MySpace to announce it has added one million new users

The new owners of MySpace, Specific Media which partnered with Justin Timberlake to buy the one time social network leader in June 2011, are to reveal that the bleed of users at the refocused social networking site has abated.

MySpace, which once had a mighty 75 million members, was down to 33 million last year and falling, but it has since it was bought added one million new members.

That’s right MySpace is growing again. It is proving itself to be an unexpected digital survivor, no Boo.com fate seems to await it. This all suggests that the $35m brothers Tim, Chris and Russell Vanderhook paid for MySpace is not good money going after bad. News Corporation bought MySpace in 2005 for $580m taking a heavy hit with its sale.

The growth at MySpace has come since it introduced a new music player as part of the plan to focus the site on its historic links to live music and performing artists. It seems to be paying off and traffic is again on the rise albeit from a lower base.

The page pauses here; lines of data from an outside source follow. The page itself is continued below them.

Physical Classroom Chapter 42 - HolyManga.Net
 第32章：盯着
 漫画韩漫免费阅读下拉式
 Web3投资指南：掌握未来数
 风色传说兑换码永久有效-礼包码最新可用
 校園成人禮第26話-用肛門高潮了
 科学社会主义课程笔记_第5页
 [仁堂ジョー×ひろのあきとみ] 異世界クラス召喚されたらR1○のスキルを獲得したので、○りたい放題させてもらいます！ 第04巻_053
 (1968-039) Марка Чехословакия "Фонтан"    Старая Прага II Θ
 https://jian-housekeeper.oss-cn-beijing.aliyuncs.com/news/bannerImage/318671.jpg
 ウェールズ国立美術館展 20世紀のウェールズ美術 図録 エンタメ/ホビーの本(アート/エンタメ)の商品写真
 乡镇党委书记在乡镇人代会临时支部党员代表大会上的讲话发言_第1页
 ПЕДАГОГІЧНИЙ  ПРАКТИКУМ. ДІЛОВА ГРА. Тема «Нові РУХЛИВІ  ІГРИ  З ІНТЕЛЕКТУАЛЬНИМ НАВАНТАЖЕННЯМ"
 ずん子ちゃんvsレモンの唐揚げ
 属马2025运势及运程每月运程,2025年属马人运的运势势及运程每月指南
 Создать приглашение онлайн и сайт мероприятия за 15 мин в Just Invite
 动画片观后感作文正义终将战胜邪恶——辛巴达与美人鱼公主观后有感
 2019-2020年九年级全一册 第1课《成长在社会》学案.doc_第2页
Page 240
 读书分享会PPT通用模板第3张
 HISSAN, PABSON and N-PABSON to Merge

“Since December, when it introduced a new music player, the site has signed up one million new users, the company is expected to announce on Monday. And according to data released by comScore last week, monthly traffic on MySpace rose in January, the first increase in almost a year; at 25.1 million, it was an improvement of 4 percent from the month before. But it was still down almost a quarter from when the Vanderhooks bought MySpace with the singer and actor Justin Timberlake.
“We went from zero signups per day to 40,000,” said Chris Vanderhook, the company’s chief operating officer. Vanderhook attributes the growth to MySpace’s integration with Facebook and Twitter, and the size of its music library. Since it still has full licensing deals with thousands of record labels, as well as songs from untold numbers of unsigned acts, MySpace has a library of 42 million tracks, several times more than Spotify or Rhapsody, the New York Times reports.